Currently, many advisers are paid by commissions from mutual-fund and other financial companies, a business model the Obama administration says is rife with conflicts of interest that often result in advisers steering retirees to high-cost, poorly performing investments
Even before the rule was formally published Tuesday, financial groups had strenuously opposed a major change, arguing that requiring advisers to adopt a “fiduciary” standard in dealing with clients would upend current industry business models and curb access to advice, particularly for low- to moderate-income retirees.
Most business and financial industry groups last week said they wanted to study the proposal, which runs to 120 pages, along with separate segments on exceptions and other material that runs to several hundred pages more.
“This is a voluminous rule where the fine print matters,” said a statement from Kenneth E. Bentsen Jr., president and chief executive of the Washington-based Securities Industry and Financial Markets Association, which represents major Wall Street firms and other financial institutions.
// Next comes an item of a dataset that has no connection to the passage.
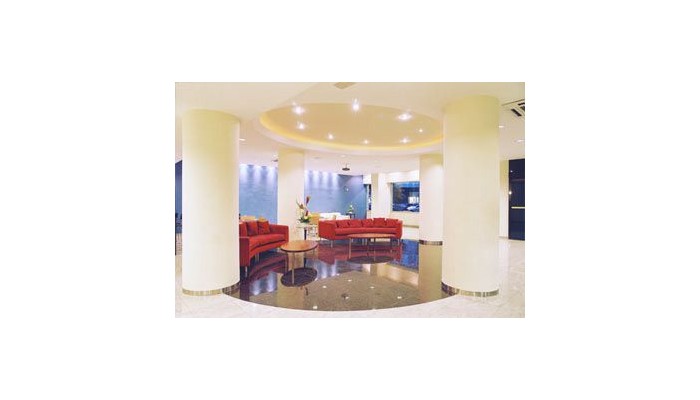 Hotel Acapulco poza 8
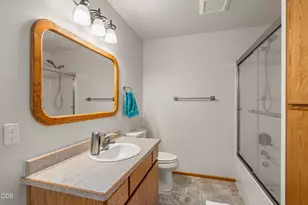 94 Jacksonville Reservoir Rd, Jacksonville, OR 97530 - Photo 24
“We want to ensure it protects investor choice and doesn’t unnecessarily reduce access to education or raise costs, particularly for low and middle income savers. With so much at stake, we will thoroughly review the rule and its impact on investors.”
Similar statements were issued by other major players in the debate, including the Investment Company Institute, which represents the mutual fund business, and the Financial Services Roundtable, a major finance industry lobbying group.
But proponents nonetheless expect the industry to hotly contest the measure during a 75-day comment period, including a public hearing, before which the proposed rule could become official and go into effect.
“It’s not over by any means,” said Barbara Roper, director of investor protections at the Consumer Federation of America, who said the industry had worked for years to kill the proposal before it was even published. “They’ll be back.”
Indeed, the U.S. Chamber of Commerce said Tuesday it was “concerned” that the rule would limit investors’ access to advisers.
The chamber has already published a paper anticipating the Labor Department’s proposal to allow “exemptions” to the conflicts of interest rule.
The chamber said it was concerned that using exemptions to pare back a broad new rule would inevitably prove too “narrow and inflexible,” akin to “threading the needle with rope.”
A spokeswoman for the chamber, Erica Flint, said the group was still working to analyze the rule, and declined further comment.
A coalition of unions, financial reform groups and retiree organizations, including AARP, hailed the publication of the rule as a “major victory” and said they would work in the comment period to strengthen it.